Curso de Jardinagem - Relato de uma experiência

   Após retornar das férias em julho, fui convidado à acompanhar a primeira aula do curso de jardinagem do "Projeto Parceiros da Cidade: Mãos amigas" executado pelo Ceprocamp (Centro de Educação Profissional de Campinas-SP). Não foi uma participação sem conhecimento de causa, pois desde o inicio da elaboração do projeto, estive presente no Fórum de População em Sit. de Rua, seminários setoriais, discussões no abrigo que trabalho e votações no legislativo. 
   Esse projeto começou a ser engendrado ainda em 2015, pensando na profissionalização e criação de uma oportunidade de trabalho remunerado para as pessoas em situação de rua. Era esperado que em 2016 o projeto Frente de Trabalho inicia-se em sua integralidade, mas por ser um ano eleitoral e a lei não permitir a criação de um incentivo financeiro nessa época, o mesmo foi adiado. Mesmo assim profissionais e usuários trabalharam pela realização de pelo menos o curso no momento. 
   Dificuldade e esforço marcaram todo esse projeto. Em uma aula aprendi que a arvore Ipe Amarelo costuma dar mais flores e com a cor mais viva após atravessar um período de intensa seca. Comparando com o nosso projeto, passamos por um período difícil como a seca, mas foi justamente por isso que despontamos flores maravilhosas, sendo no caso aprendizagens, experiências e vivências únicas.
   Acompanhando ao longo das aulas, fui me perguntando qual era o meu papel no espaço: De apenas um profissional que vai junto? Ou um mediador de relações, motivador e auxiliar de organização? Observando a prática e os retornos que ia tendo, fiquei com a segunda alternativa. No fundo eu estava mediando o diálogo entre os pares, "administrando" conflitos, motivando os estudantes para continuarem, refletindo sobre a experiência, auxiliando a turma em suas dificuldades. Estava sendo uma ponte necessária entre o desejo de aprender/participar e à realização/concretização.
 Olhando os estudantes estava nítido que mais que uma profissionalização, estava em cheque a construção de novos horizontes internamente a cada individuo; a auto-estima, animo e organização mental estavam sendo trabalhados, de forma indireta. Sementes sendo plantadas no coração de cada batalhador.
    Como psicólogo social e educador social, compreendo que esse fenômeno não estava se dando apenas nos estudantes, mas em todas as pessoas envolvidas. Desde a minha singela pessoa, passando pela Profa. Claúdia, pelo Coord. de projeto Toninho, até os profissionais que não estavam no dia a dia, mas apoiavam. Por isso e mais era tão importante ser sensível as intervenções adotadas. Cada pessoa tinha um significado/sentimento sendo edificado.
   A vulnerabilidade social que as pessoas em situação de rua enfrentam, como desemprego, fragilidade ou rompimento de vínculos sociais e familiares, falta de um sentido para a vida, dificuldades psíquicas e emocionais, não são exclusivos desse segmento, mas estão de forma acentuada neles. É um conjunto de fatores que influencia o indivíduo em sua ida para as calçadas. Não diferentemente, por vivermos uma sociedade opressiva, também experimentamos esses aspectos e que nos colocam em risco. Ficar em situação de rua é um acontecimento que pode ocorrer a qualquer um.
   Trabalhar e lutar pela transformação dessa realidade tão dura, envolve compreender que em certa medida, o público alvo são todas as pessoas. Uma que se encontra na rua e necessita de apoio para sua saída; e outra que ainda não estando, necessita de prevenção, que implica em cuidarmos da forma com a qual nos relacionamos, na forma como nos valorizamos, nas ideias que propagamos e no fortalecimento da comunidade.

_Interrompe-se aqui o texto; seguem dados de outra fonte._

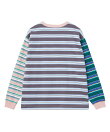 THREE PATTERN STRIPE L/S TOP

Imagem: Peneirando areia no MIS; Ao lado de um jatoba de mais de 80 anos na Mata Sta. Genebra; No Viveiro Municipal de Arvores; E no Viveiro Municipal de flores

   A imagem acima representa o meu esforço nas aulas, sintetizando teoria e prática. A foto foi registrada em diversos locais do município de Campinas. Sendo que a estrutura proporcionada de poder estar visitando esses locais e tendo aula, proporcionou muita qualidade.
 Foram praticamente seis meses acompanhando homens e mulheres, conversando sobre o tornar-se jardineiro, falando sobre o processo de metamorfose em nossas vidas. 
   Concluo mais essa etapa do meu trabalho tendo sido reforçado o elemento psicossocial de minhas reflexões e intervenções. Essa experiencia ficará na minha biografia e entrará para a história de Campinas - SP. 

Deixo para os internautas ainda o discurso que proferi no evento da formatura na sexta-feira dia 16/12/2016. Repito um trecho da minha fala que segue no vídeo: 

"Como um buque de palavras entrego esse discurso como um muito obrigado à todos e todas!"


Rua Conceição
Michel Cabral

sábado, 10 de dezembro de 2016

No ar Rádio Pitaco

   O advento da tecnologia e dos novos meios de comunicação e acesso a informação tem exigido que os educadores do séc. XXI se mantenham atualizados e busquem em suas práticas educativas cotidianas integrar esses novos recursos. Acompanhando o desenvolvimento social e cultural de nossa sociedade, o curso de pós graduação "latu sensu" em Pedagogia Social do Unisal/Campinas-SP mantém disciplinas em estreito diálogo com as demandas sociais e com as propostas alternativas de educação. Para representar esse compromisso de formação, a disciplina de "Redes Sociais: Planejamento, Estrutura e sustentabilidade" apresenta as principais teorias e conceitos relevantes para a reflexão da temática.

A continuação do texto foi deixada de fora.